E’ stata venduta una delle magnifiche ville storiche di Via San Leonardo a Firenze, conosciuta come Villa Selva e Guasto o Villa Dolgoroukoff, dal nome della misteriosa principessa russa a cui appartenne agli inizi del Novecento. Situata in una delle più prestigiose zone di Firenze, a due passi da Piazzale Michelangelo e a soli dieci minuti dal centro della città, la villa è stata venduta tramite trattativa riservatissima un cliente che è riuscito ad acquistare tutta la proprietà, complessivamente di 2 mila mq di interni e 20 mila mq di esterni, dopo che nel secolo scorso era stata suddivisa in più appartamenti.

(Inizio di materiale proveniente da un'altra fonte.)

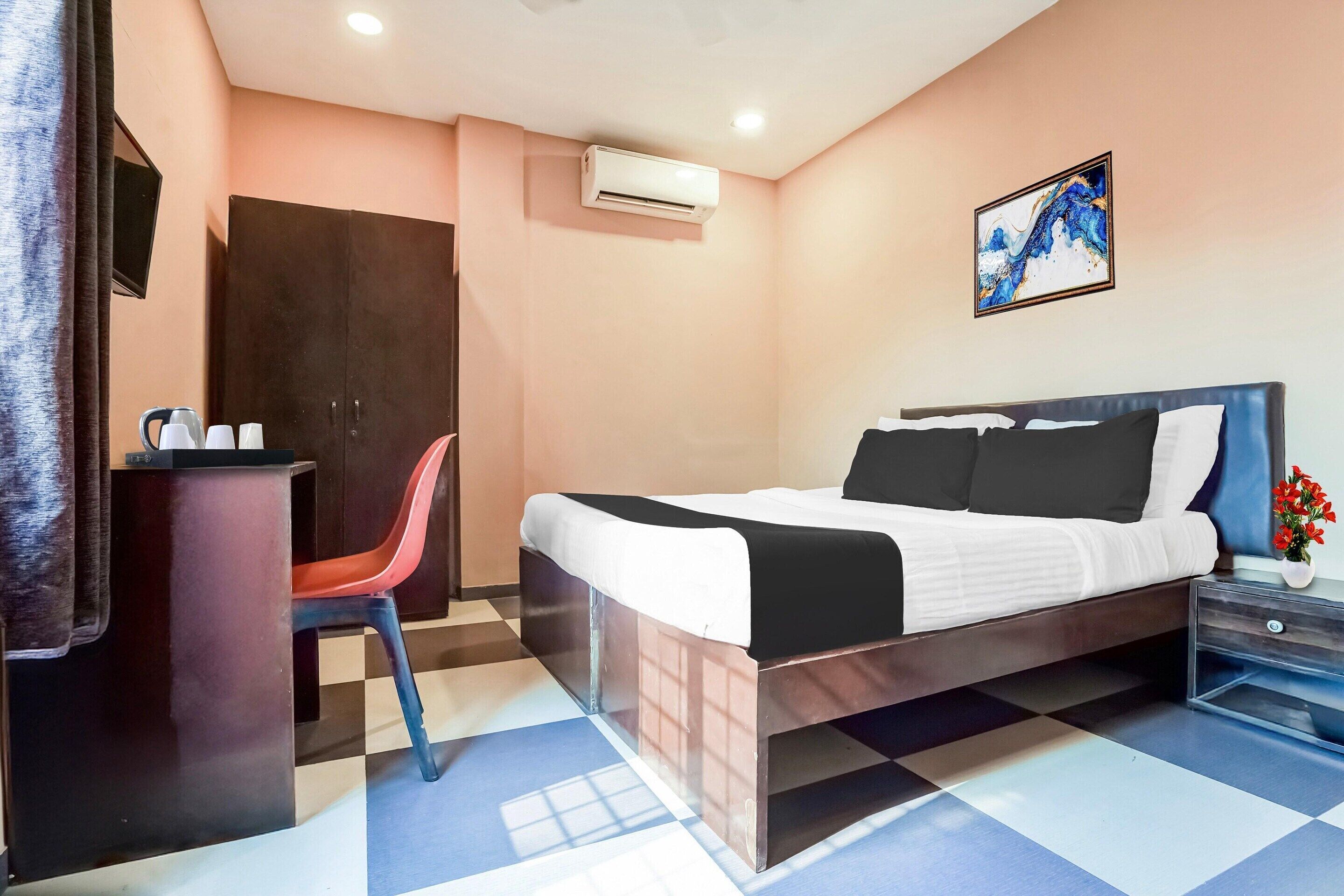 Een hotelkamer met een bed, een bureau, een stoel, een airconditioner en een schilderij aan de muur.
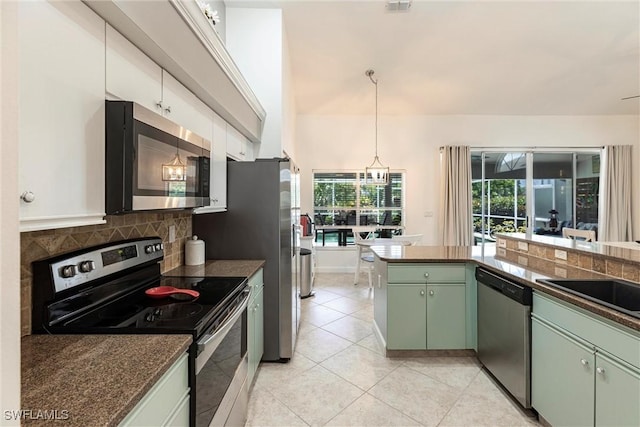 6769 Berwick Pl, Naples, FL 34104 - kitchen with appliances with stainless steel finishes, green cabinetry, dark countertops, light tile patterned floors, and tasteful backsplash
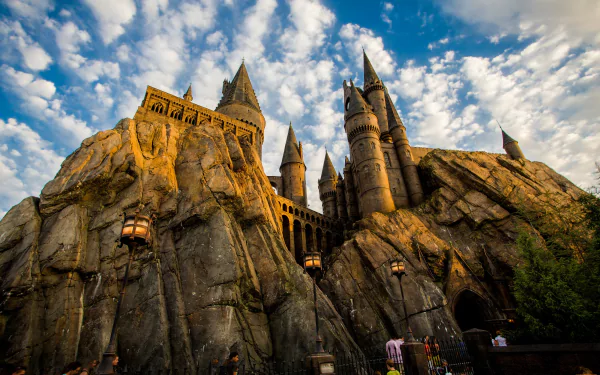 4K Ultra HD wallpaper showcasing the iconic Hogwarts castle from Islands of Adventure, perched on rugged rocks under a dramatic partly cloudy sky.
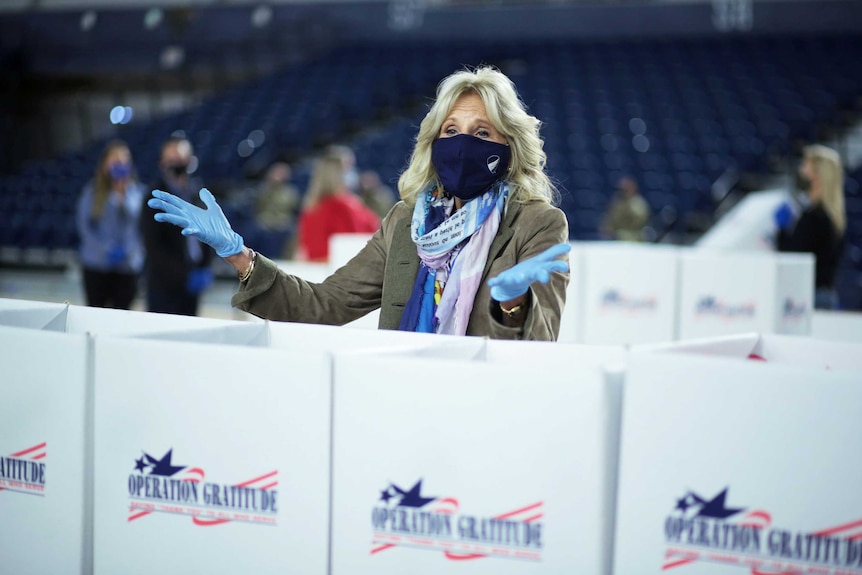 A blonde woman wearing a mask and blue gloves gestures from behind large boxes labelled 'Operation Gratitude'.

Benché la maestosa facciata presenti le caratteristiche architettoniche tipiche delle ville del XVII secolo, ricche di decorazioni barocche, la sua origine è più antica: ai primi del XV secolo risulta di proprietà della famiglia Galilei, che la venderanno nel 1480 a Bernardo di Simone Canigiani, personaggio noto nella Firenze del tempo per aver rivestito ruoli di governo, nonché amico intimo del filosofo e umanista Marsilio Ficino.

Nel 1562 la figlia di un altro Bernardo Canigiani la portava in dote alla nobile famiglia dei Rucellai. Seguiranno nei secoli numerosi passaggi di proprietà fino ad arrivare agli inizi del Novecento alla principessa russa Dolgoroukoff e poi nel 1919 per via ereditaria ai Costa de Suarez.

Ma chi era la misteriosa principessa russa proprietaria della villa? Di lei si conosce solo il cognome Dolgoroukoff. Potrebbe trattarsi di Ekaterina Michajlovna Dolgorukova (14 novembre 1847 – 15 febbraio 1922), la giovane principessa russa appartenente ad una famiglia nobile decaduta di cui si innamorò lo Zar Alessandro II di Russia. Dolgoroukoff e Dolgorukova sono, infatti, due versioni dello stesso cognome.

Dopo avergli dato tre figli, lo Zar la sposerà nel 1880 facendola moglie morganatica. Ma neanche un anno dopo Alessandro II verrà ucciso in un attentato e Ekaterina sarà costretta ad andarsene dalla Russia e trasferirsi con i figli in Francia. La loro storia d’amore è diventata il soggetto di due film. Quello del 1959, “Katya, regina senza corona”, per la regia di Robert Siodmak, sarà interpretato da una giovane Romy Schneider, reduce dal grande successo nel ruolo di Sissi.

Sicuramente la principessa, a cui appartenne la villa a Firenze agli inizi del Novecento, non è tra quelle, con lo stesso cognome, costrette a lasciare la Russia per lo scoppio della Rivoluzione e vissute tra Italia e Francia a partire dal 1917. Il mistero dunque continua.

La scenografica facciata della villa, rivolta verso via San Leonardo, presenta una scala in pietra a doppia rampa a tenaglia che consente di raggiungere il piano nobile, mentre, a livello di terreno, un portone immette nella corte centrale attorno a cui si sviluppa l’edificio.

Al centro della facciata si trova uno scudo ottocentesco in pietra con l’arma della famiglia Castrucci (tra quelle a cui appartenne la villa) con il motto “Maiora resurgunt”. La villa è circondata da un parco con sul fronte e su un lato giardini all’italiana. Fa parte della proprietà una cappella in stile tardo seicentesco, separata dal corpo della villa, con la facciata e l’ingresso su via San Leonardo.